Your task: The expected result is a verbatim repetition of the lines from the start of the entries through the line containing "Aparataj modular si", with the pictures removed.

Provided records:
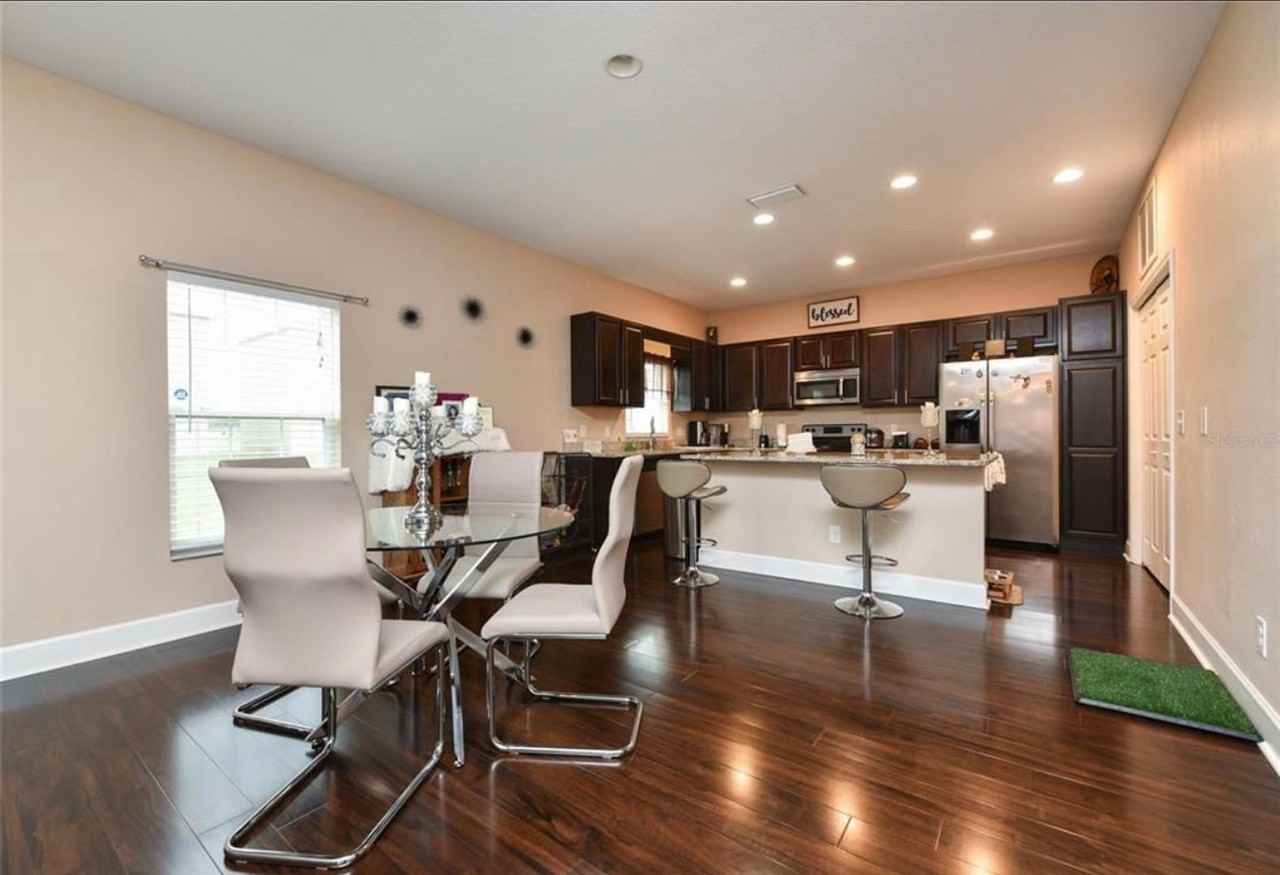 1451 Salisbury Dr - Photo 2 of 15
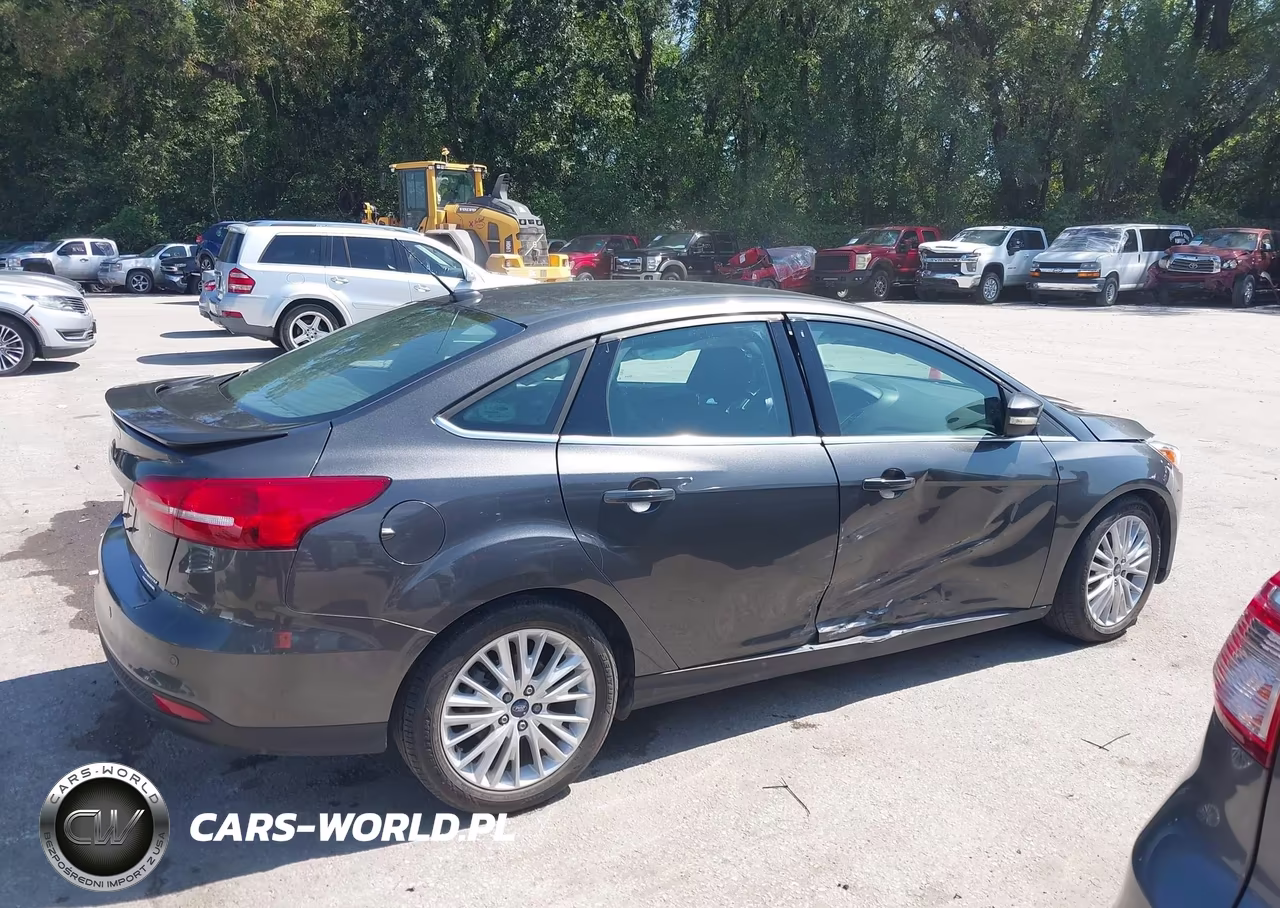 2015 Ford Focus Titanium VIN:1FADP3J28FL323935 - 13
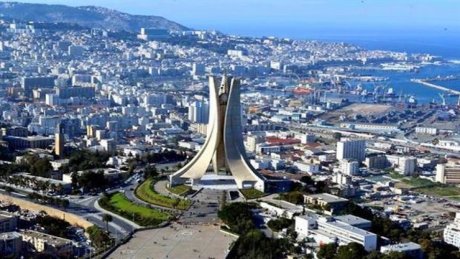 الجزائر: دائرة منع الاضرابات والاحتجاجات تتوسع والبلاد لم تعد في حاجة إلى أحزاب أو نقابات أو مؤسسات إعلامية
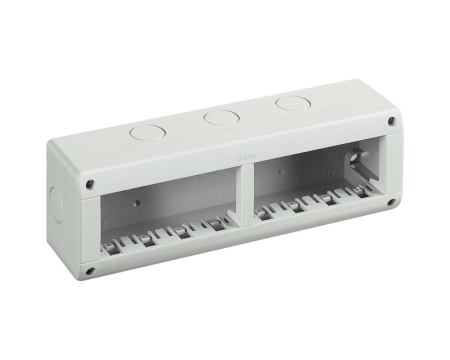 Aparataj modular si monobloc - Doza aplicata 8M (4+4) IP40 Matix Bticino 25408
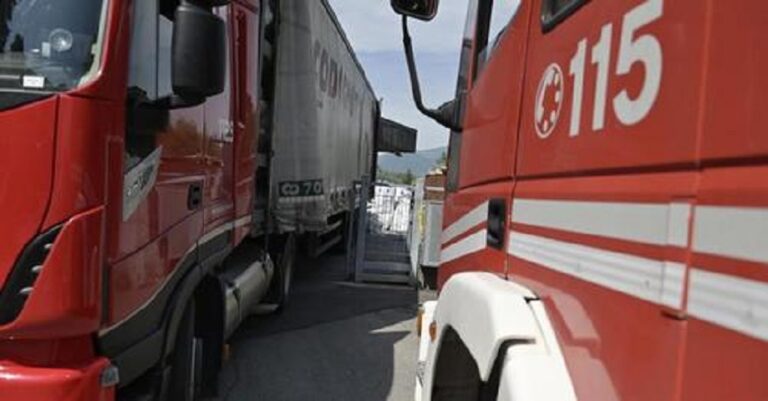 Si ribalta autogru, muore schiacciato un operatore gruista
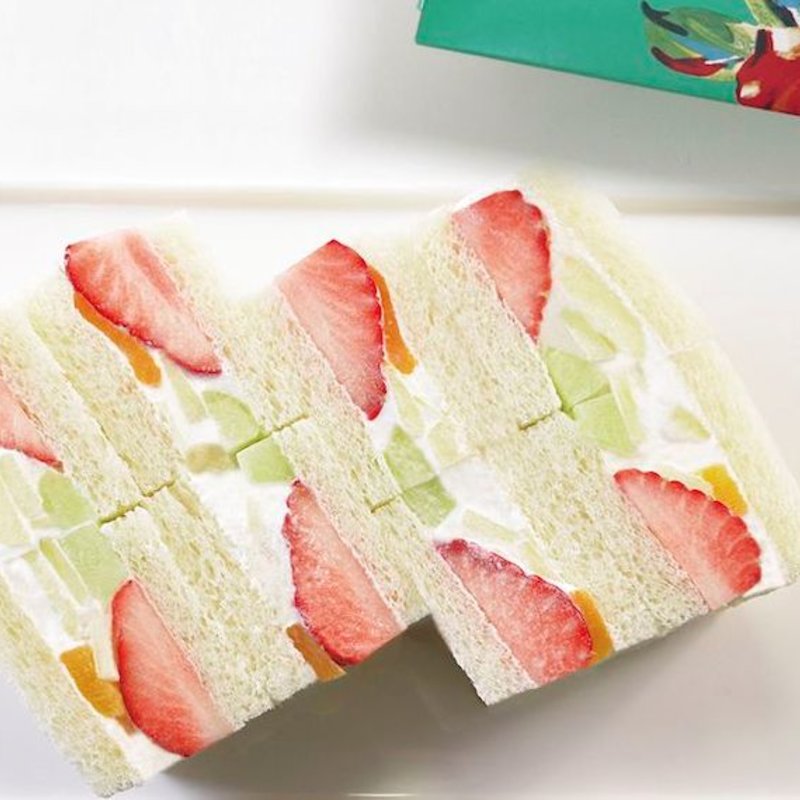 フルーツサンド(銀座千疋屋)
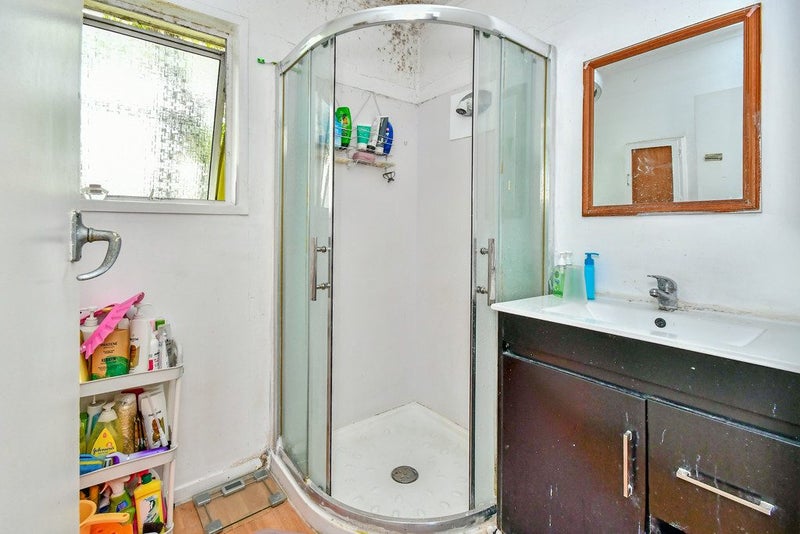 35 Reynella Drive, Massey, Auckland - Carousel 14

Result of the task:
 1451 Salisbury Dr - Photo 2 of 15
 2015 Ford Focus Titanium VIN:1FADP3J28FL323935 - 13
 الجزائر: دائرة منع الاضرابات والاحتجاجات تتوسع والبلاد لم تعد في حاجة إلى أحزاب أو نقابات أو مؤسسات إعلامية
 Aparataj modular si monobloc - Doza aplicata 8M (4+4) IP40 Matix Bticino 25408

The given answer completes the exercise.